◆ Aim of the task: Your task is to transcribe all of the records exactly and leave out the pictures.

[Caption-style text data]
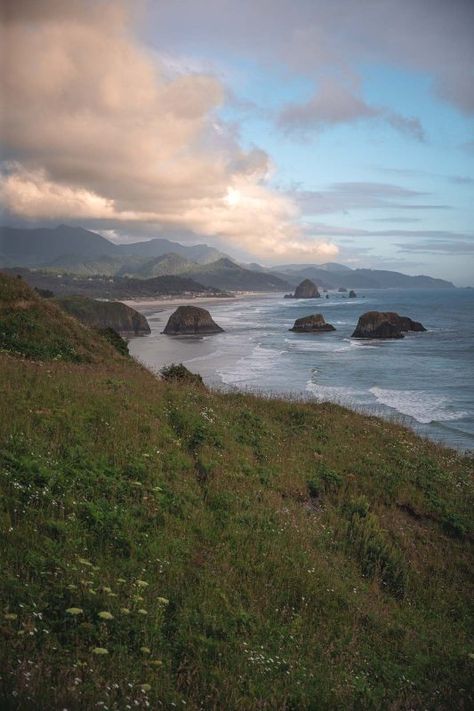 Ecola State Park Oregon, Seaside Oregon Aesthetic, Pacific Northwest Coast, Oregon Honeymoon, Dream Airbnb, Oregon Houses, Beaches In Oregon, Road Trip Oregon, Pacific Northwest Beach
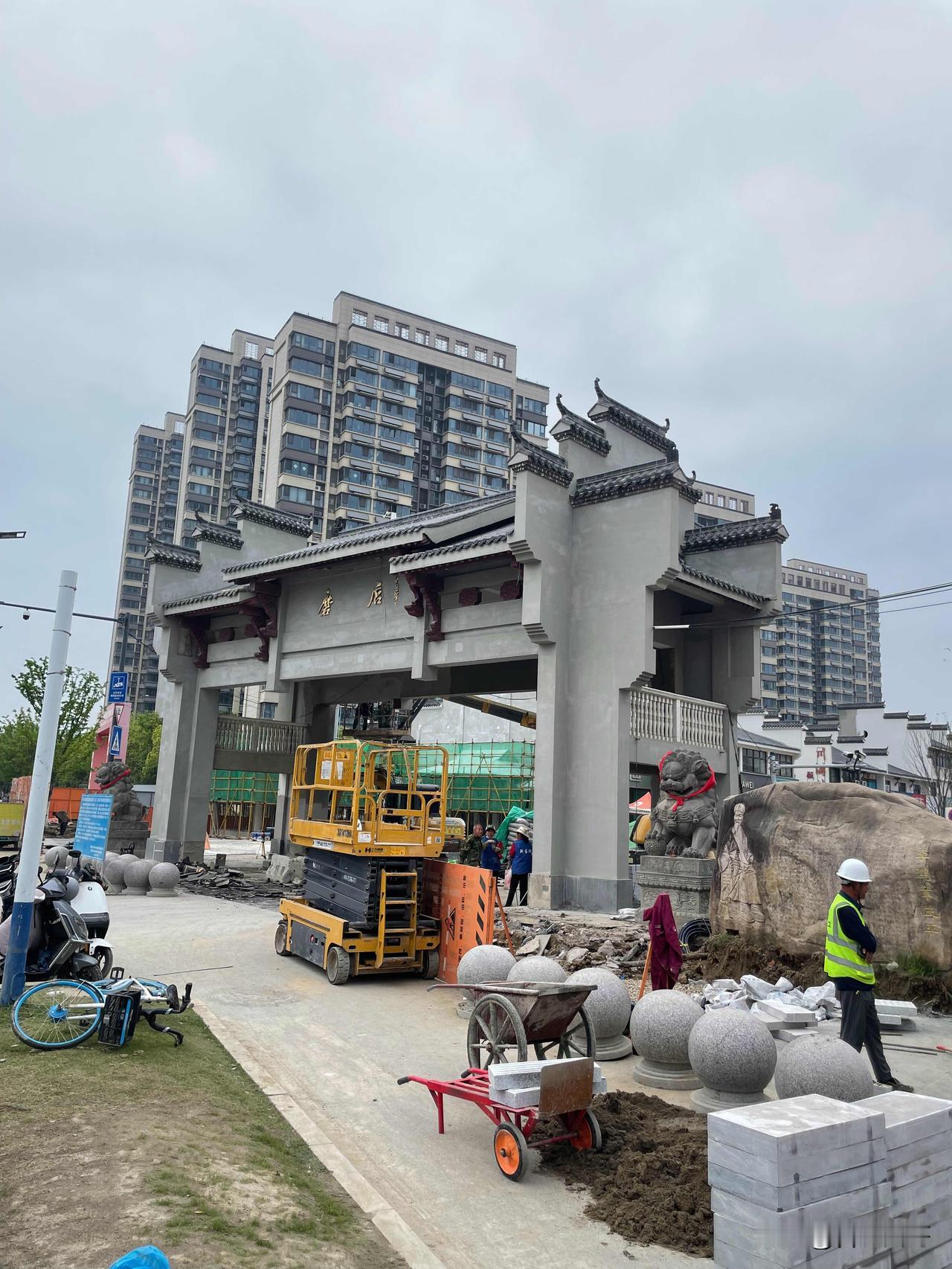 磨店的美食街二期，一边在热火朝天的改造施工，另一边的商铺还在照常营业中，而且人流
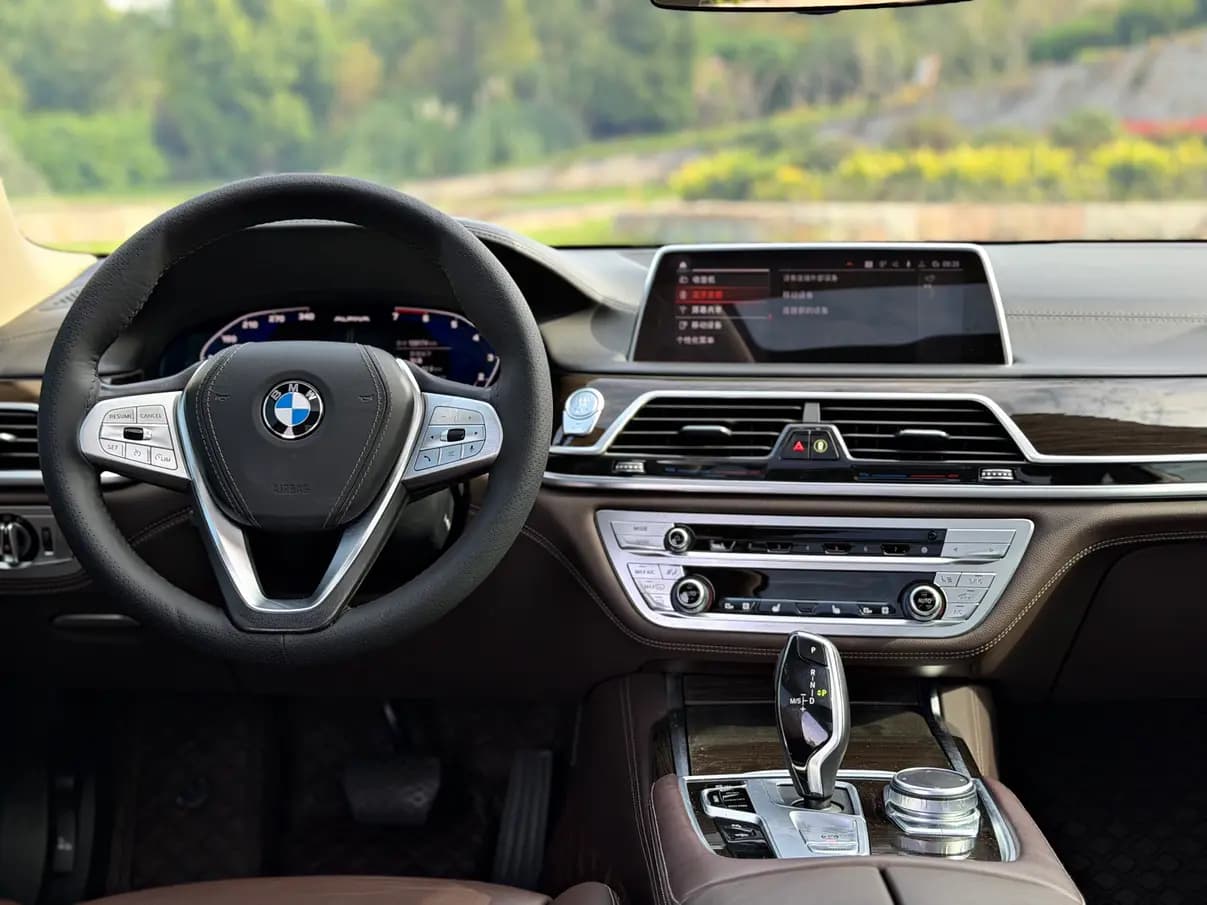 BMW 7 Series 2021 г. 98046 км. — фото 11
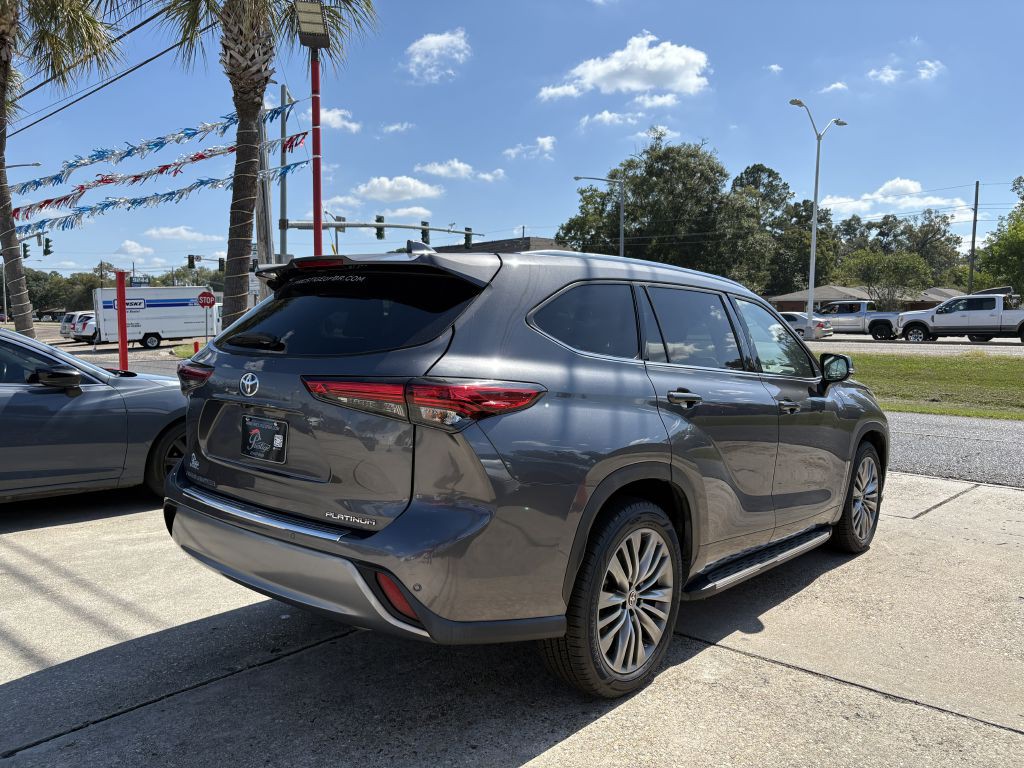 2022 Toyota Highlander Image 4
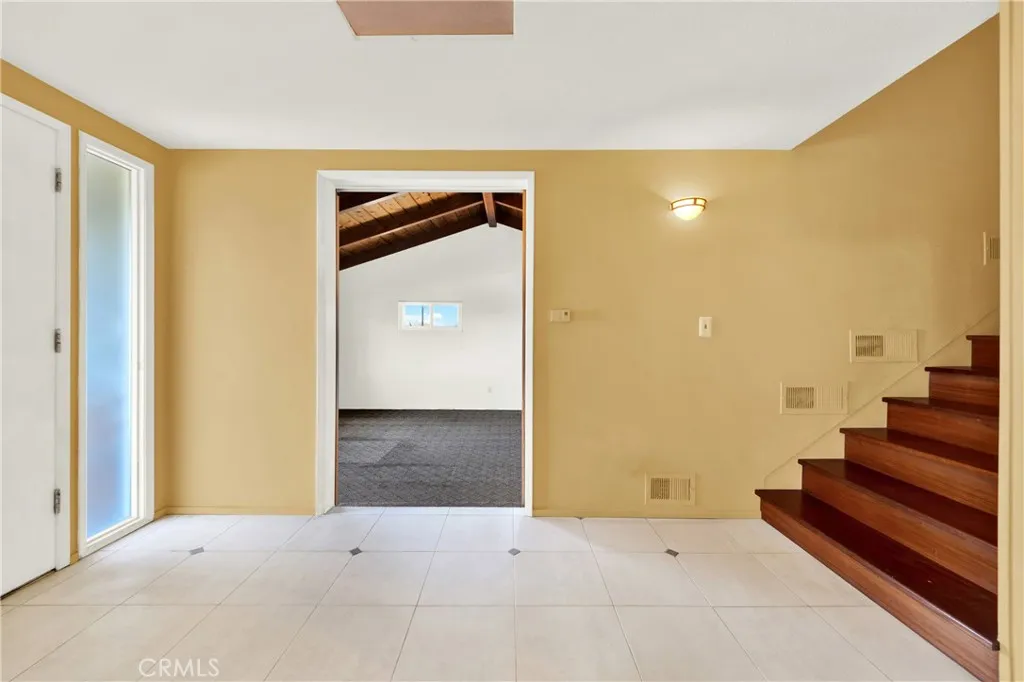 https://cdn.realtyfeed.com/cdn/127/307097027/a0b281c516d211b313d51ebc32d7255a.webp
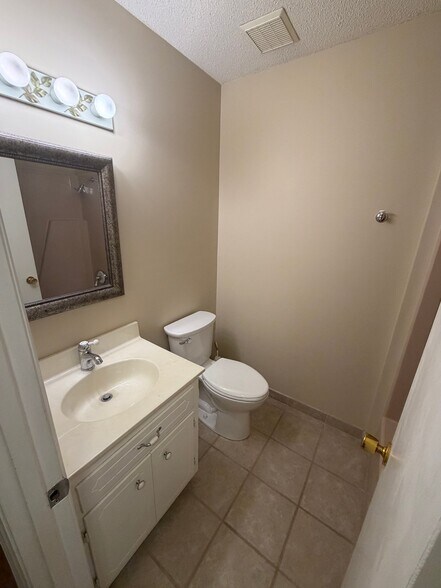 Building Photo - 280 Currituck Rd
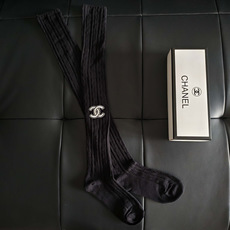 💛配包装CHANEL (香奈儿)爆款出货 新款双针过膝堆堆袜袜子🧦!搭配长靴必备,一盒一双,专柜同步筒袜 💛配包装CHANEL (香奈儿)爆款出货 新款双针过膝堆堆袜袜子🧦!搭配长靴必备,一盒一双,专柜同步筒袜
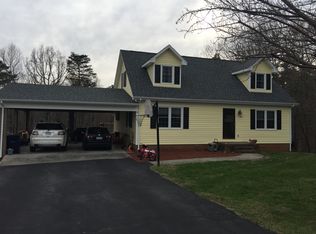 309 Darrell Ln, Hurt, VA 24563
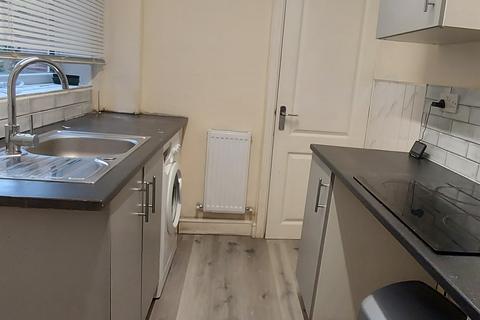 2 bedroom terraced house for sale, Lincoln Road, Peterborough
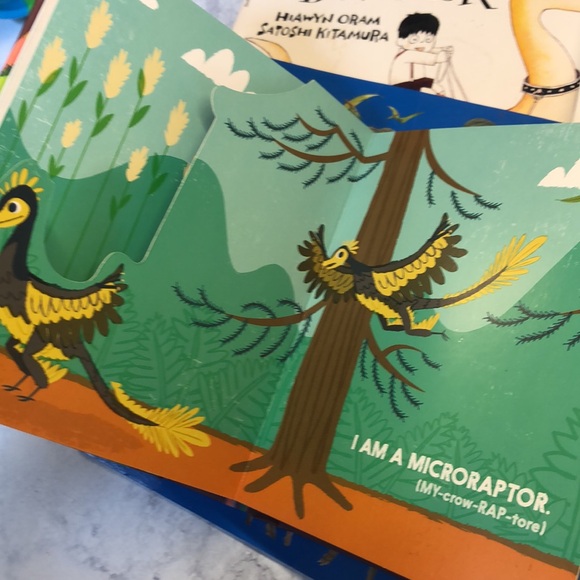 Dino Lover Lot! - Picture 5 of 7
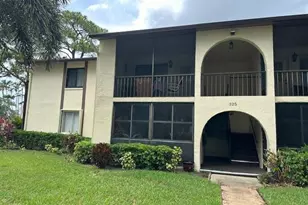 325 Knotty Pine Cir, Greenacres, FL 33463 - Photo 1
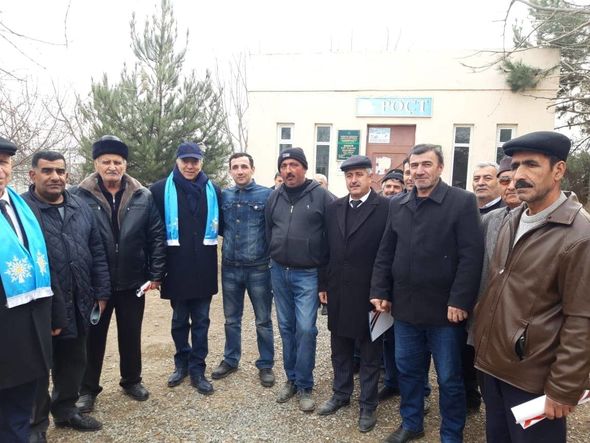 Nizami Səfərov seçiciləri ilə görüşlərini davam etdirir - FOTO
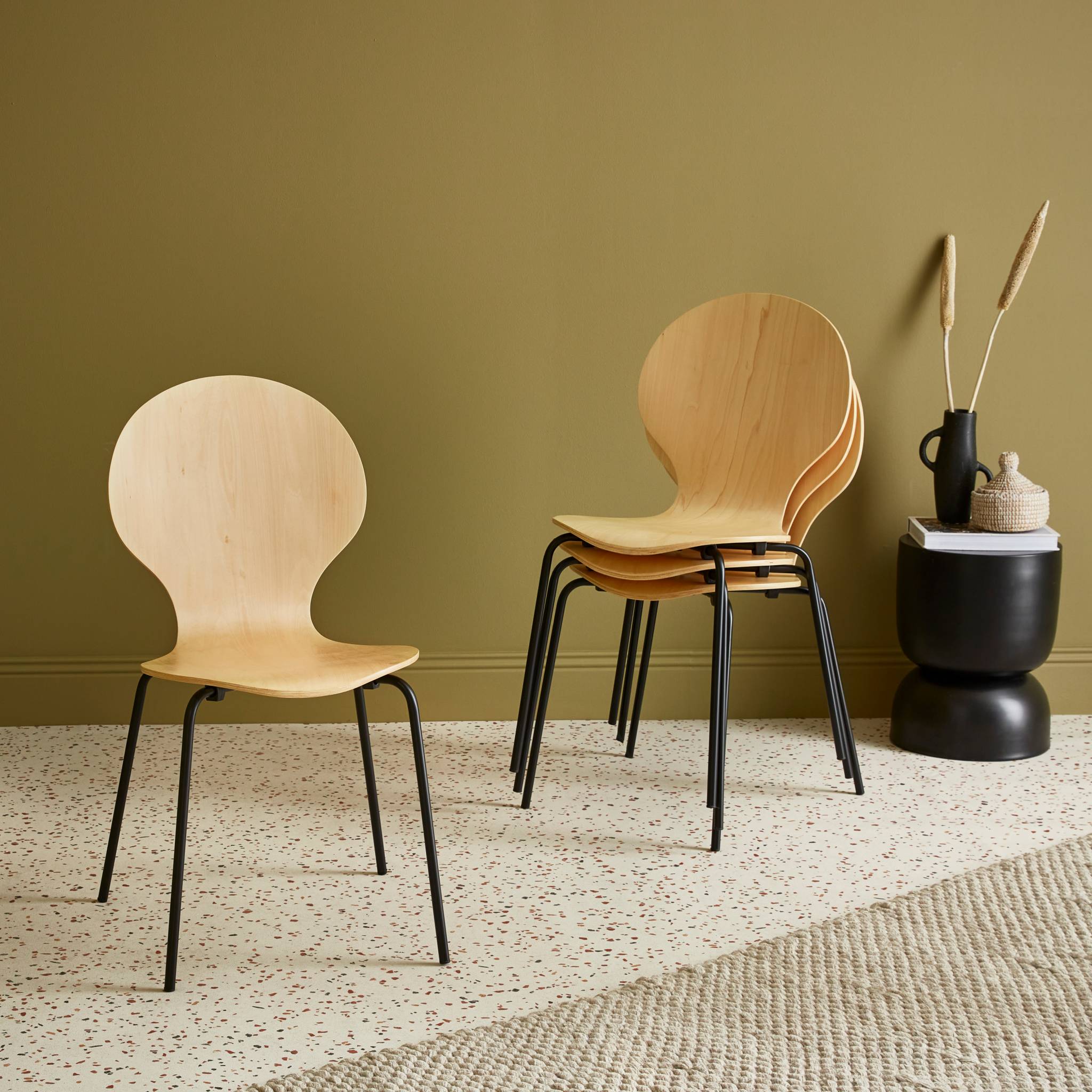 Lot de 4 chaises naturelles. Rétro empilables. Bois d'hévéa et contreplaqué. Pieds en acier. Naomi. L 43 x p 48 x h 87cm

◆ Result for this exercise:
 Ecola State Park Oregon, Seaside Oregon Aesthetic, Pacific Northwest Coast, Oregon Honeymoon, Dream Airbnb, Oregon Houses, Beaches In Oregon, Road Trip Oregon, Pacific Northwest Beach
 磨店的美食街二期，一边在热火朝天的改造施工，另一边的商铺还在照常营业中，而且人流
 BMW 7 Series 2021 г. 98046 км. — фото 11
 2022 Toyota Highlander Image 4
 https://cdn.realtyfeed.com/cdn/127/307097027/a0b281c516d211b313d51ebc32d7255a.webp
 Building Photo - 280 Currituck Rd
 💛配包装CHANEL (香奈儿)爆款出货 新款双针过膝堆堆袜袜子🧦!搭配长靴必备,一盒一双,专柜同步筒袜 💛配包装CHANEL (香奈儿)爆款出货 新款双针过膝堆堆袜袜子🧦!搭配长靴必备,一盒一双,专柜同步筒袜
 309 Darrell Ln, Hurt, VA 24563
 2 bedroom terraced house for sale, Lincoln Road, Peterborough
 Dino Lover Lot! - Picture 5 of 7
 325 Knotty Pine Cir, Greenacres, FL 33463 - Photo 1
 Nizami Səfərov seçiciləri ilə görüşlərini davam etdirir - FOTO
 Lot de 4 chaises naturelles. Rétro empilables. Bois d'hévéa et contreplaqué. Pieds en acier. Naomi. L 43 x p 48 x h 87cm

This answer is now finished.